# Cavs @ Rockets | Game #17 | 12/2/06



## remy23 (Aug 15, 2002)

_*Game 17*_


*Cleveland Cavaliers* *(10-6) @* *Houston Rockets** (10-5)*

_*Saturday, December 2, 2006*_
*Time:* 5:30pm PT, 8:30pm ET
*TV:* FSOhio
*Radio:* *WTAM 1100*
*Location:* *Toyota Center*, Houston, Texas

*HEAD COACHES*


*Preview*



> A month into the season, Houston's Tracy McGrady is still struggling to find his shot. He may have a good chance to find it when he faces Cleveland.
> 
> McGrady looks to lead the Rockets to their fifth straight home win for the first time in more than two seasons when they host LeBron James and the Cavaliers at the Toyota Center on Saturday.
> 
> ...


----------



## Pioneer10 (Sep 30, 2004)

Please no more Newble and more Gibson 

I want to see Lebron step it up on the defensive end and shut down TMac. McGrady ALWAYS gets up to play Lebron.

Also I'm real curious to see how Z plays Yao. W/o the foot injuries Z was on a trajectory to have a bright young career like Yao but Z has been stepping up lately particularly on the defensive end


----------



## remy23 (Aug 15, 2002)

^ But the current TMac is blending more and letting Yao carry the load. If Tracy goes back to the old version of himself, that would be interesting.


----------



## cima (Nov 6, 2003)

Yao should tear us apart. I expect a big game from LeBron. The Rockets are a good team, so we shouldn't have any issues with "playing down to our competition".

Cavs 98
Rockets 94


----------



## remy23 (Aug 15, 2002)

Hey Pioneer10,

LeBron just did it again. In the pregame warm-ups, he threw a simple high lob, ran up and did a simple one-handed slam but got his head up around the rim in a casual manner.
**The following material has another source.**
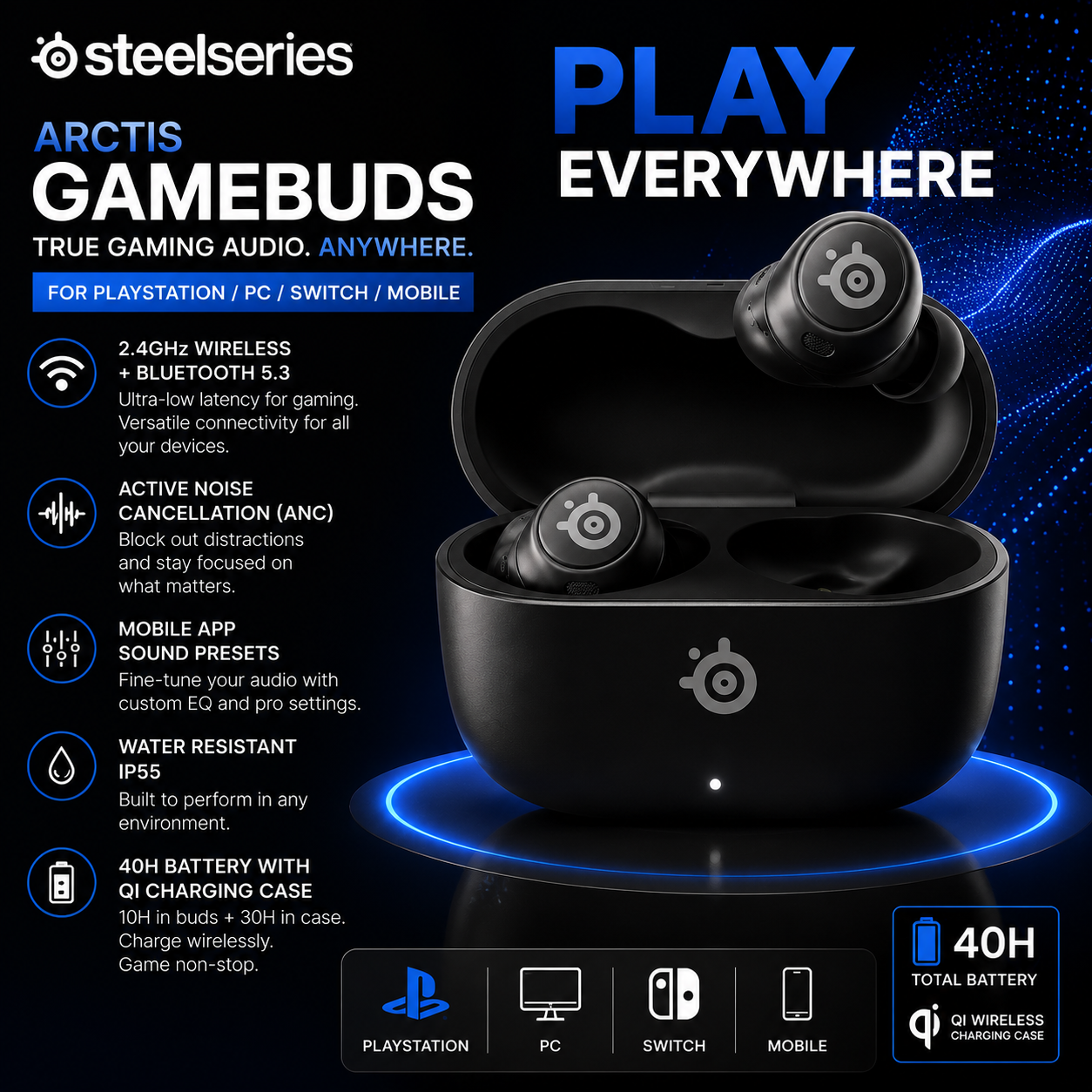SteelSeries black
Once again, LeBron's best dunks are the ones people never see.


----------



## Larry Hughes for Retirement (Jul 5, 2004)

Alot of standing around, ALOT


----------



## Pioneer10 (Sep 30, 2004)

remy23 said:


> Hey Pioneer10,
> 
> LeBron just did it again. In the pregame warm-ups, he threw a simple high lob, ran up and did a simple one-handed slam but got his head up around the rim in a casual manner. Once again, LeBron's best dunks are the ones people never see.


Hopefully the networks will pick it up like they did the last one.
Yao with a good start


----------



## notting_hill (Dec 18, 2005)

Ming is destroying so far.


----------



## notting_hill (Dec 18, 2005)

Z is useless in both ends.


----------



## Larry Hughes for Retirement (Jul 5, 2004)

We really move well without the ball when its not Lebron with it. But do you notice that when give it to Lebron all those down screens, cuts just stop.


Damon with different shoes, look like elevator shoes... haha


----------



## Larry Hughes for Retirement (Jul 5, 2004)

We will be lucky to not be down 10 at the end of 1.

Alright Mike hit up that energy group (aka, Dan Gibson/Sasha)


I wonder if Mutumbo and Yao ever play at the sametime... ha


----------



## Pioneer10 (Sep 30, 2004)

Lebron 1-6


----------



## Pioneer10 (Sep 30, 2004)

Got to love it when Dikembo has as many points as Lebron


----------



## remy23 (Aug 15, 2002)

I hope TMac is okay. Mutumbo just KO'd him.


----------



## Brandname (May 24, 2006)

Haha, now Tracy knows how Lebron feels...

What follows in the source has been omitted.